Extracted records:
+++

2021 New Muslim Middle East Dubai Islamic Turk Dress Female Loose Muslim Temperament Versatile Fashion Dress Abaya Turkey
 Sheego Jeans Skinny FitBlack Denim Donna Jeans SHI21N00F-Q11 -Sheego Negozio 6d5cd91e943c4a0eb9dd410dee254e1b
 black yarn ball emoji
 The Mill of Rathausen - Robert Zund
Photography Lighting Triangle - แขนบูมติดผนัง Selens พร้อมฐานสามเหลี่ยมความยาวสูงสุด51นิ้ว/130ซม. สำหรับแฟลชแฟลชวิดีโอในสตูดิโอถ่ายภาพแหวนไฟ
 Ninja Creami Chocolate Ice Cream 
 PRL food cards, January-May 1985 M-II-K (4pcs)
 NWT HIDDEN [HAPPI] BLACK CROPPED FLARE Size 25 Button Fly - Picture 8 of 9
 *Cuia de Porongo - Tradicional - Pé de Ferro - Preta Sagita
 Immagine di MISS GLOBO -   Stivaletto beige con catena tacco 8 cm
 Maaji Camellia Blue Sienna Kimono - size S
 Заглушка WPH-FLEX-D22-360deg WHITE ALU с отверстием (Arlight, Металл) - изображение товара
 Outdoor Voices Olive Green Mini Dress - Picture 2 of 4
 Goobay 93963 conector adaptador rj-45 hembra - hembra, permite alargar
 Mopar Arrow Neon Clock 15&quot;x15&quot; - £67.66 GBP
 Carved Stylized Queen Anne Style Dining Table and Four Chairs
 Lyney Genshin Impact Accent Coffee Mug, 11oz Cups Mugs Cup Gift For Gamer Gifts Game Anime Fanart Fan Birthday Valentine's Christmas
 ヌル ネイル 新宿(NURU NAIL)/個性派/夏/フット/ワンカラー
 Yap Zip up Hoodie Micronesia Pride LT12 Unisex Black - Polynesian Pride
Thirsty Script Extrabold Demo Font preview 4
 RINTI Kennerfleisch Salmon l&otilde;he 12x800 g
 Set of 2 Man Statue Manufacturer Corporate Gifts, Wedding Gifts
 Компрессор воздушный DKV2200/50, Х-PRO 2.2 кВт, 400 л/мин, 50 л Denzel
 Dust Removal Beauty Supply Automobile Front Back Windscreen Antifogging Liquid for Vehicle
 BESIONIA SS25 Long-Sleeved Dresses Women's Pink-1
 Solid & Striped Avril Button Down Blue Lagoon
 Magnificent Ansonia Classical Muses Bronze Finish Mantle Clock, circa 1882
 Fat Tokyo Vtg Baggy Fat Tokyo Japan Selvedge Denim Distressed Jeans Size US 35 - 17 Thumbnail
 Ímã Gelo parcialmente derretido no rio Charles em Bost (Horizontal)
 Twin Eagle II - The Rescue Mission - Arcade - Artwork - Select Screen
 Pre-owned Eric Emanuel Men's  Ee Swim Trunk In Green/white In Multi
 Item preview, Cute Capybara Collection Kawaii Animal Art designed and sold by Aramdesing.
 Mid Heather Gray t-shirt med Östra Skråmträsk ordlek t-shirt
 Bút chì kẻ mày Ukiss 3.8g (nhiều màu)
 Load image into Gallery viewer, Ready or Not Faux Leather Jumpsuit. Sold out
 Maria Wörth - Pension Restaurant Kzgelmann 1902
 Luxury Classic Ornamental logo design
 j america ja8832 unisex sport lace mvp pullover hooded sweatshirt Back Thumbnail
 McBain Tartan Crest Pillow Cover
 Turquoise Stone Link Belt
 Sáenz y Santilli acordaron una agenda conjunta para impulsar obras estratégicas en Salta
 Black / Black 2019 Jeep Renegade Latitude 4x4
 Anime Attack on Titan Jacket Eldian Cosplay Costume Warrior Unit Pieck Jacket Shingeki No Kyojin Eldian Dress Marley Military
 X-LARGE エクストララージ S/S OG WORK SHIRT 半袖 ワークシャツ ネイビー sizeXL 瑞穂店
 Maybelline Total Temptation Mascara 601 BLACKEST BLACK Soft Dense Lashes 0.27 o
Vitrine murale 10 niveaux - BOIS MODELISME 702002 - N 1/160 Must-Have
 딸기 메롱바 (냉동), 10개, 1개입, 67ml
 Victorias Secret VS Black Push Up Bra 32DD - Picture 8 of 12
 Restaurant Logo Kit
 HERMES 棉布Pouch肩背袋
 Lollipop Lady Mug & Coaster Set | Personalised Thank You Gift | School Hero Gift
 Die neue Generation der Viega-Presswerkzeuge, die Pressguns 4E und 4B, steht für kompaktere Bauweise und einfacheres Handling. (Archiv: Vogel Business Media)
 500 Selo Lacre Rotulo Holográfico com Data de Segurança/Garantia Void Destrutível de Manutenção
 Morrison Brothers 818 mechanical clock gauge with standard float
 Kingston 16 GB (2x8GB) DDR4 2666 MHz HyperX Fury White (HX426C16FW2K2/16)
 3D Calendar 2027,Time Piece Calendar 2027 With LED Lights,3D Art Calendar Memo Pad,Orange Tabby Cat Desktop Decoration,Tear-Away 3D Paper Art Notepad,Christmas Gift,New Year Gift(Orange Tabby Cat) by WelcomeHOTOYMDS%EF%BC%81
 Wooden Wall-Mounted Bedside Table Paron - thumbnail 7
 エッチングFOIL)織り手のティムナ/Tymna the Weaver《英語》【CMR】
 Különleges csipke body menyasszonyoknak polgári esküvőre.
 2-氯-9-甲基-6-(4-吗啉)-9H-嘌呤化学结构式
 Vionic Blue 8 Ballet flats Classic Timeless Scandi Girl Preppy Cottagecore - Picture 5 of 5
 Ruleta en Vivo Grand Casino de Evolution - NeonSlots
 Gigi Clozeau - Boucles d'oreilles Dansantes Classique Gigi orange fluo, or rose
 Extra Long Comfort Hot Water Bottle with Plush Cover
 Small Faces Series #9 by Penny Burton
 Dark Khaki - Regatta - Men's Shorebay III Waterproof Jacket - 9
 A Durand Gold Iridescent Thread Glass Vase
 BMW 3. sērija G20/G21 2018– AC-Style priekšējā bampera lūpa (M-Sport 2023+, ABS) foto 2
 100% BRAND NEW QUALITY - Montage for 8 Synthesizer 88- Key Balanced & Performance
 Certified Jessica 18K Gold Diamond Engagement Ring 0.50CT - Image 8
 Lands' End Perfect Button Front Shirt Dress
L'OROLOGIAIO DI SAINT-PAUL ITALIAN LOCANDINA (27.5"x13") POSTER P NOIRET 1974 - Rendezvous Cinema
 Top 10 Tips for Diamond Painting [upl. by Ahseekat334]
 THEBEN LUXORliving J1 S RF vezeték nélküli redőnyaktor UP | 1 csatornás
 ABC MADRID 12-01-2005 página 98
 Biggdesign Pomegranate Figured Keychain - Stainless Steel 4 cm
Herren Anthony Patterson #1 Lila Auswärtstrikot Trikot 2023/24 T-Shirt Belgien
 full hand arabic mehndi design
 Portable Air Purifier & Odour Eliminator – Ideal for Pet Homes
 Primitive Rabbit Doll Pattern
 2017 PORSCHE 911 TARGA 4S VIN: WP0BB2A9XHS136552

+++

BRIEF = From the line containing "Primitive Rabbit Doll Pattern" to the final line of the data, repeat each line exactly. Include both ends.

WRITTEN SOLUTION =
 Primitive Rabbit Doll Pattern
 2017 PORSCHE 911 TARGA 4S VIN: WP0BB2A9XHS136552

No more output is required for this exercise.